I've read that you can optimize code by using dictionaries instead of if-elif statements, but I don't know how to do that. I'd like to use the logical expressions below somehow in the dictionary. (The code iterates through a and b)
def e_ha(n, t, a, b, E):
if a == b:
return 6
elif (a%n == 0, a != n**2, b == a + 1) == (True, True, True):
return 0
elif ((a-1)%n == 0, (a-1) != n**2, b == a - 1) == (True, True, True):
return 0
elif (a%n == 0, b == a-(n-1)) == (True, True):
return 1
elif (b%n == 0, a == b-(n-1)) == (True, True):
return 1
elif abs(a-b) == 1:
return 1
elif abs(a-b) == n:
return 1
else:
return 0
One naive approach to achieve the best performance is to build a big table storing the results for all possible (a, b) pairs. However, this could consume lots of memory and becomes inpractical for large ns.
Here is how the code can be optimized using a normal approach, as explained in the following step-by-step.
1. Using Explicit and for Logical Expressions
As suggested in the comments, this is much more readable and also more efficient because of the short circuiting behavior of and.

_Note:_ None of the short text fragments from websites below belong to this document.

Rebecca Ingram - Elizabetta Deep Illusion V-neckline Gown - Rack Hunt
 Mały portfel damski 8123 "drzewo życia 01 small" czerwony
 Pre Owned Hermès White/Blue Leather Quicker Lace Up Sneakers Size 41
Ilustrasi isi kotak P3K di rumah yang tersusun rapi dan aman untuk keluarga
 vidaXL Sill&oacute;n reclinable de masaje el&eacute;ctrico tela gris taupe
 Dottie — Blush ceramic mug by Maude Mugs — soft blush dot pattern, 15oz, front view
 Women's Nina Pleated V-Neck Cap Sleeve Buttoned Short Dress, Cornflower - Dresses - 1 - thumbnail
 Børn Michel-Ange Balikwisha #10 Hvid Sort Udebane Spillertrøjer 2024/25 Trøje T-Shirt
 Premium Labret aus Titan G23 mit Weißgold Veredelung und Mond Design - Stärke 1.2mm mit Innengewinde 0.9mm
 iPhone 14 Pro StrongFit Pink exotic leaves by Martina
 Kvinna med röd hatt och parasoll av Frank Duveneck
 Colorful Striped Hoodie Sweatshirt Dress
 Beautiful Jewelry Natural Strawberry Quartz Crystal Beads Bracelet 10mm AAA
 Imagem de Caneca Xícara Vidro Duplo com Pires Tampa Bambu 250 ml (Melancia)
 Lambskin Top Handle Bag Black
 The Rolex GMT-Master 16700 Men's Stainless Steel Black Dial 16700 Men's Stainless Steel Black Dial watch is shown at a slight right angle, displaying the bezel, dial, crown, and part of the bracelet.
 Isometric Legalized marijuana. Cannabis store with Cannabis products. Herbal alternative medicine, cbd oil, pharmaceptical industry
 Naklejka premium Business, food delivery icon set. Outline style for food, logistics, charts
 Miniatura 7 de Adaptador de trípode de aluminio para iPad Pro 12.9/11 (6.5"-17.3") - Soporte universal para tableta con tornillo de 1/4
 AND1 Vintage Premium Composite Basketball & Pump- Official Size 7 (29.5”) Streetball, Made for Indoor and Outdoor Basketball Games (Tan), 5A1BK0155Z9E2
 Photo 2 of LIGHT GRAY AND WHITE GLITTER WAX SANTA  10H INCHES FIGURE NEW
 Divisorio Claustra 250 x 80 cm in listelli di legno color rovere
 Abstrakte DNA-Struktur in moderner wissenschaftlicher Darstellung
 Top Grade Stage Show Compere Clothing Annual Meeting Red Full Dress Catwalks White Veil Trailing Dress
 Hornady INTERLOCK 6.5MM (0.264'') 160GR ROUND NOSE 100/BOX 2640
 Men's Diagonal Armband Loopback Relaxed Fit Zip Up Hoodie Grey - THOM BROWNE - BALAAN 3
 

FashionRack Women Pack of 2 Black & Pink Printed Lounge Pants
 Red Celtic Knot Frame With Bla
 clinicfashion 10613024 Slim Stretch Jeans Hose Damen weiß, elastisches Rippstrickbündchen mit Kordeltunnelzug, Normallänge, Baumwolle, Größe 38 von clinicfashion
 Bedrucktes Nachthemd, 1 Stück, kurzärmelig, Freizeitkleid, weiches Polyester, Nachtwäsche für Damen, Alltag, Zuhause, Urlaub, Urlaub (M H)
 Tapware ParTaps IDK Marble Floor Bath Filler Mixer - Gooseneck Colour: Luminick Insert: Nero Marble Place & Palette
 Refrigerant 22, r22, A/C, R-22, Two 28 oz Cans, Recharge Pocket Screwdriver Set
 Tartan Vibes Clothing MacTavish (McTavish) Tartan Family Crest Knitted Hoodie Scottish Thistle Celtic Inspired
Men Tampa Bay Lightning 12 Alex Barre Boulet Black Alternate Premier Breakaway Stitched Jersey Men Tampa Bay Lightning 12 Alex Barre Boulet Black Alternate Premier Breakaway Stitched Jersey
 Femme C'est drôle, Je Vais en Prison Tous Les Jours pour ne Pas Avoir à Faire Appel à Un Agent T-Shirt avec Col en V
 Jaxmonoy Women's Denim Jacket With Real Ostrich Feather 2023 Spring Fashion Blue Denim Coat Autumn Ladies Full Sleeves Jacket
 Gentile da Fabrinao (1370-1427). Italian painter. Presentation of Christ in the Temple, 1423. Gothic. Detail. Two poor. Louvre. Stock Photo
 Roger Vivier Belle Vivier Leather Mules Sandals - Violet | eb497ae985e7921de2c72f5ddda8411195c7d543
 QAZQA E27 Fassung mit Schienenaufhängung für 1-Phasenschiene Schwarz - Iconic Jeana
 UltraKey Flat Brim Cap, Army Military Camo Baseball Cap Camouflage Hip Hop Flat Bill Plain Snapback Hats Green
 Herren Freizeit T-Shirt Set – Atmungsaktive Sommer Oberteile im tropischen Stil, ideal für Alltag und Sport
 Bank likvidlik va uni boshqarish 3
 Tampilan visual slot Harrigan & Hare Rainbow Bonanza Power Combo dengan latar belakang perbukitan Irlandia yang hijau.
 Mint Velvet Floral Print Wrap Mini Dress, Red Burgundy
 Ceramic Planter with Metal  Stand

This change alone reduces the runtime by 60% in my tests.
2. Remove Redundant Conditions
Since both a and b range from 1 to n**2, if a == n**2, then b == a + 1 can never be fulfilled. Therefore the a != n**2 check in the condition a%n == 0 and a != n**2 and b == a + 1 is redundant. The same applies to the third condition. Eliminating them simplifies these conditions to:
...
elif a % n == 0 and b == a + 1:
elif (a - 1) % n == 0 and b == a - 1:
...
3. Avoid Repeated Computations in Conditions
Note that the above-improved conditions
a % n == 0 and b == a + 1 and (a - 1) % n == 0 and b == a - 1 are special cases of abs(a - b) == 1. Therefore these conditions can be rewritten using nested if-else as follows.
if abs(a - b) == 1:
if a % n == 0 and b > a: return 0
elif b % n == 0 and a > b: return 0 # a - 1 equals to b here so it is replaced to save one computation
else return 1
Also note that the value abs(a - b) is related to all the conditions. Therefore it can be computed before all conditions are checked. With this change, the code becomes
d = abs(a - b)
if d == 0: return 6
elif d == 1:
if a % n == 0 and b > a: return 0
elif b % n == 0 and a > b: return 0
else return 1
elif d == n - 1:
if a % n == 0 and a > b: return 1
elif b % n == 0 and b > a: return 1
else return 0
elif d == n: return 1
else: return 0
4. Simplify Logic
For example, the first nested if-else above can be simplified to
if min(a, b) % n == 0: return 0
else return 1
A more compact syntax is:
return 1 if min(a, b) % n == 0 else 0
5. Apply Python-specific Optimizations
In Python, the number 0 is regarded as having a falsy value. So for numbers if d != 0: and if d == 0: are equivalent to if d: and if not d: respectively. The latter is a bit faster. Applying this change results in the following optimized code (here a more compact syntax is used to shorten the answer).
d = abs(b - a)
if not d: return 6
elif d == 1: return 1 if min(a, b) % n else 0
elif d == n - 1: return 0 if max(a, b) % n else 1
else: return 1 if d == n else 0
Applying steps 2 to 5 above reduces the runtime by another 50%.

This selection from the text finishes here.